La seguridad en aviación es admirablemente casi total. De los más de 102.500
vuelos diarios y la presencia en el aire en un momento dado de más de 11.000 aviones, los que vuelan lo hacen respondiendo lealmente a lo que los pasajeros
esperan de ellos.
Pero aquel 26 de junio para el avión de AirAsia las cosas se atravesaron. Y
el capitán, un hombre, sin duda, bien construido, habló pidiendo tres cosas:
colaboración, permanecer bien sujetos a
los asientos y rezar.
En un vuelo, como en el resto de su vida, hay quien se siente en las manos
de Dios e ilumina de un modo especial su contacto interior con Él.
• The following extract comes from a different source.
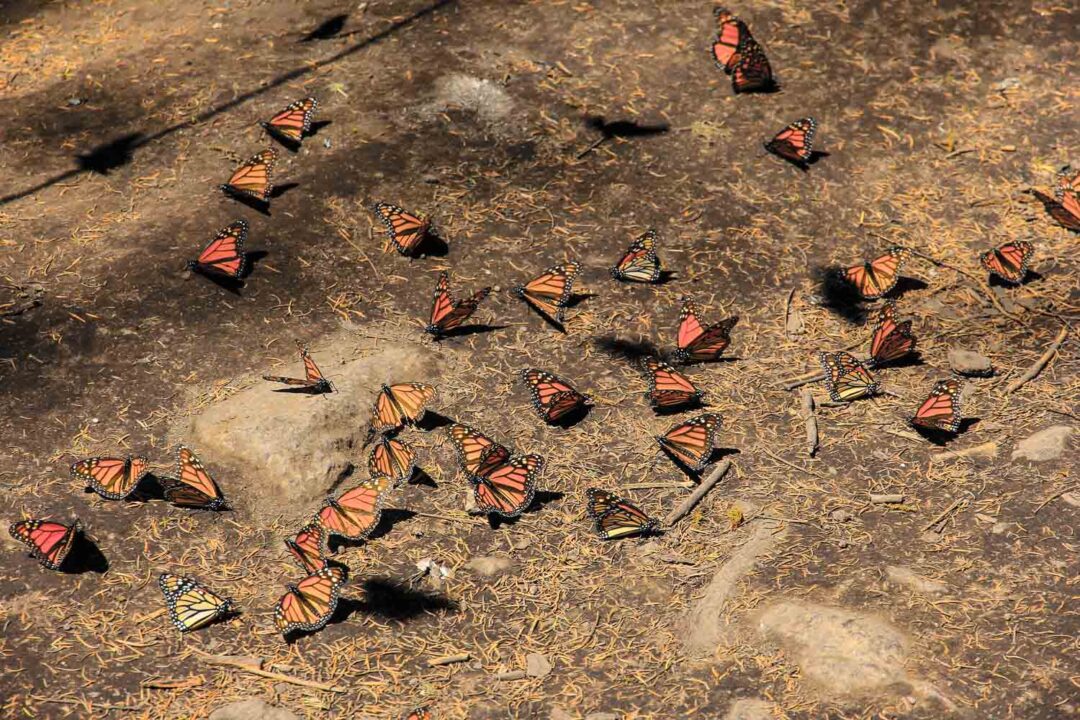 Mexican Butterflies Fascinating Facts About the Morelia Monarch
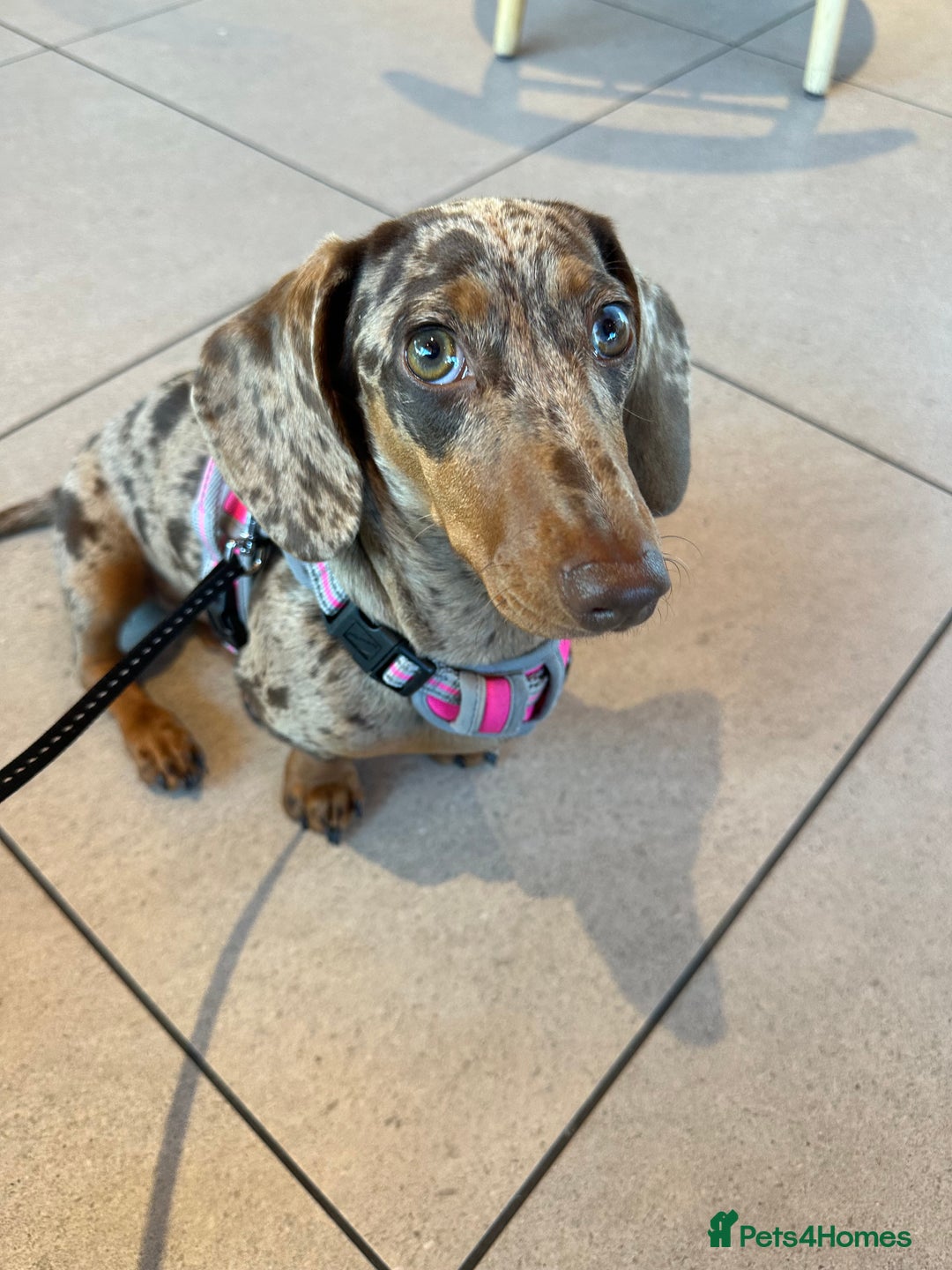 Dachshund dogs for sale: Beautiful minature dapple dachshund. 8 months old. - Image 5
Otros, menos
acostumbrados a mirar “más allá” de su propia medida, lo evocan también y lo
invocan con confianza para que no pase nada o por lo que pueda pasar. Otros se
preguntan qué puede hacer Dios si el avión despegó, programado por un pequeño
descuido de alguno de sus cuidadores, como un airoso y plural ataúd. También
hay quien vive de un modo más simple su vida y no se ocupa de nada que no sea
tangible y se pueda tocar y contar.
Y, sin embargo, la oración (que no es, evidentemente, rezar o solo rezar)
es el modo de existir de los que, inteligentemente, descubren en su vida la
amorosa presencia de un Ser cercano, sensible, fuente del único verdadero Amor
al que Jesús de Nazaret, el Hijo, definió como el Padre de todos.